The Nanny (AKA The Guardian)

The Guardian (1990)

The Nanny is a 1987 book by author Dan Greenburg, and at one point in the late-1980s, Sam Raimi was attached to direct an adaptation. The novel's titular villain is a woman so addicted to love that she'll do anything to maintain it, killing anyone who stands in her way. She takes over and dominates entire families, seducing the parents and claiming the children as her own. While that premise doesn't sound ripe with humor, Sam Raimi's version was actually being positioned as a tongue-in-cheek thriller. That was until he dropped out of the project, opting to direct his cult superhero film Darkman instead, which was released in 1990.

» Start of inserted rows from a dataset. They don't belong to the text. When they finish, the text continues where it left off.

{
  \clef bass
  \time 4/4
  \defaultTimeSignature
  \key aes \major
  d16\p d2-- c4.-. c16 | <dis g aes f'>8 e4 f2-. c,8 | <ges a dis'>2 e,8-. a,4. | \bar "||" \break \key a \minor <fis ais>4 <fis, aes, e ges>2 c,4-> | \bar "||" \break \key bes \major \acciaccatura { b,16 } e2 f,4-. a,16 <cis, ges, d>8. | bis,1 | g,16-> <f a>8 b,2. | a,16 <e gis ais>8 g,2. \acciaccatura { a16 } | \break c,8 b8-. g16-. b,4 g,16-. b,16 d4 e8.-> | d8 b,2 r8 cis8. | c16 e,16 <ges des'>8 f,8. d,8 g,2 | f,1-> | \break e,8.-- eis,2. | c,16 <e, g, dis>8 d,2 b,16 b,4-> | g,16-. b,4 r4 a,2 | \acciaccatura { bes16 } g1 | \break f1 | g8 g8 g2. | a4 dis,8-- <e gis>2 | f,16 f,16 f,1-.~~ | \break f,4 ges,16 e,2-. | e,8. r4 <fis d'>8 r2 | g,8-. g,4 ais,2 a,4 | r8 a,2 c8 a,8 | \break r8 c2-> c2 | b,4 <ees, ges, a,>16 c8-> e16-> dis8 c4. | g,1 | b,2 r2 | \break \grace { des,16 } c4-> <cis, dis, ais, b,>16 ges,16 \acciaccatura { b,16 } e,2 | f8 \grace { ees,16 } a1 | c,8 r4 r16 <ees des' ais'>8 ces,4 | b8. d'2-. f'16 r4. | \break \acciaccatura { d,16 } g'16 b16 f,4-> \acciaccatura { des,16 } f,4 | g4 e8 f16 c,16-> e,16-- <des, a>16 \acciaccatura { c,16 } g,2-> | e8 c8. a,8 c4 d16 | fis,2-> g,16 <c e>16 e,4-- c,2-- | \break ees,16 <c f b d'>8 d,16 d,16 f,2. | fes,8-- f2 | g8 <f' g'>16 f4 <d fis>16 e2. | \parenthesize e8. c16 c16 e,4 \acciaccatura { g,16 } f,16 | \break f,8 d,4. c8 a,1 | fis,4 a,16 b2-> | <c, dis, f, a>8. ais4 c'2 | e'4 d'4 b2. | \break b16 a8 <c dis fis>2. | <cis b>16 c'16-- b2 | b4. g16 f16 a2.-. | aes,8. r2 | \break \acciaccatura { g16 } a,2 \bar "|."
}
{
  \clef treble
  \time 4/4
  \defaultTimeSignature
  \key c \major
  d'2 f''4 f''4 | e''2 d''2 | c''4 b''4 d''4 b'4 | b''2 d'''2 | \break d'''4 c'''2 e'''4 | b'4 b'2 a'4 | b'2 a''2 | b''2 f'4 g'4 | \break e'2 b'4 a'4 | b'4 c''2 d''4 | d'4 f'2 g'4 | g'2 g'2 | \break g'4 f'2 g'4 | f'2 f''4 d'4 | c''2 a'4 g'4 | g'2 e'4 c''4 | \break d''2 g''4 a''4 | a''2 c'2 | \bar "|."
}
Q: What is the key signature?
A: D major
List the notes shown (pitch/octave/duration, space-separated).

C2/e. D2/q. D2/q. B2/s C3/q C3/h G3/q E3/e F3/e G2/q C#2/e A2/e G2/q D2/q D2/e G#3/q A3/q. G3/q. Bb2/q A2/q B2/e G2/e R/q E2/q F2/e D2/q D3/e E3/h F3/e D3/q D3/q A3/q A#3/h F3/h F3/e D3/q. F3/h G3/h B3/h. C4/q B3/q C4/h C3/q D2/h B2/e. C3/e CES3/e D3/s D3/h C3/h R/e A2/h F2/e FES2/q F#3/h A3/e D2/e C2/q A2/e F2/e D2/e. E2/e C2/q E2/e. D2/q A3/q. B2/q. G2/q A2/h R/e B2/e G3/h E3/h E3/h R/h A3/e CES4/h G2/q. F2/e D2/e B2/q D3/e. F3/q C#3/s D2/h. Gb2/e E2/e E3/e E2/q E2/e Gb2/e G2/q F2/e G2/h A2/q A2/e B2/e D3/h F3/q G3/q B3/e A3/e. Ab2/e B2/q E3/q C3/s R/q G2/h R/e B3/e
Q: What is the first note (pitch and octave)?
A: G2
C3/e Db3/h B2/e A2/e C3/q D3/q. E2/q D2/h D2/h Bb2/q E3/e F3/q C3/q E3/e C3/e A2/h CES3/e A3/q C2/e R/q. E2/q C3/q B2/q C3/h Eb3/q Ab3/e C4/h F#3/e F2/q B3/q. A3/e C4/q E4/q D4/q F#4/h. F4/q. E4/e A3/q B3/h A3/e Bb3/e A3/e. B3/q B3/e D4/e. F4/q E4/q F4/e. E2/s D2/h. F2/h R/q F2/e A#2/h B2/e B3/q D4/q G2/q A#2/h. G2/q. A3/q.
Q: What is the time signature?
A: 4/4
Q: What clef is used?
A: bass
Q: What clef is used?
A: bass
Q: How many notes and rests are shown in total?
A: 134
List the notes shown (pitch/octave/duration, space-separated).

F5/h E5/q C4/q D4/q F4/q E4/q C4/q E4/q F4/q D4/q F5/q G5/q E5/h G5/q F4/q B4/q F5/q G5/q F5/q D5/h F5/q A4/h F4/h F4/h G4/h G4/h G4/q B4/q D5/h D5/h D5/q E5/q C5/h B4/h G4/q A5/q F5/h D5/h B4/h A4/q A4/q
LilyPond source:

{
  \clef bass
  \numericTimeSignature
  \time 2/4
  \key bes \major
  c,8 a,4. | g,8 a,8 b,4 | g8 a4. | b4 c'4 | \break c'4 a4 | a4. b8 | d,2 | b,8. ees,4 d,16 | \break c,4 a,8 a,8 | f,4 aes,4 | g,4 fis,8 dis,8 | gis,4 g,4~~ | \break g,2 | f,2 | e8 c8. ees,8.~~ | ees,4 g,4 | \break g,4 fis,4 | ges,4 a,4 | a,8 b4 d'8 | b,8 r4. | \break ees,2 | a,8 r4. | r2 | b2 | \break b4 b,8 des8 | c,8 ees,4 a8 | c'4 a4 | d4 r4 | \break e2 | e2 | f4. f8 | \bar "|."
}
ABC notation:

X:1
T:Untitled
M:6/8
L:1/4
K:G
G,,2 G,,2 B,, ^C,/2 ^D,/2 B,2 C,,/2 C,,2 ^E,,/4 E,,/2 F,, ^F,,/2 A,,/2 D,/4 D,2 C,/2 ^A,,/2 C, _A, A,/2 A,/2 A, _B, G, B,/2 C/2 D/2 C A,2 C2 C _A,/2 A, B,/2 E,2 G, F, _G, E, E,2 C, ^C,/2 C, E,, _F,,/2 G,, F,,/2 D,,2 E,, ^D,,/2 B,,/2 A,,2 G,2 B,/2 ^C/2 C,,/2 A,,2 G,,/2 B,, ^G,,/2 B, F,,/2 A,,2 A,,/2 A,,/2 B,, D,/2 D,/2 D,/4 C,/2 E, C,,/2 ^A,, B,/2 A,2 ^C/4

Also released in 1990 was The Guardian, directed by William Friedkin, helmer of The Exorcist. While ostensibly based on The Nanny, The Guardian deviated in major ways from the book to the point where any resemblance is mostly superficial. Instead of a woman obsessed with love, The Guardian's nanny abducts babies and literally feeds them to an evil tree. The script process with Friedkin was famously crazy, with the director wanting constant changes, and writer Stephen Volk eventually quitting due to a reported nervous breakdown. Perhaps if Sam Raimi had adapted The Nanny, all of that could've been avoided, but Darkman is treasured by lots of viewers, so again, it would appear Raimi made the right call.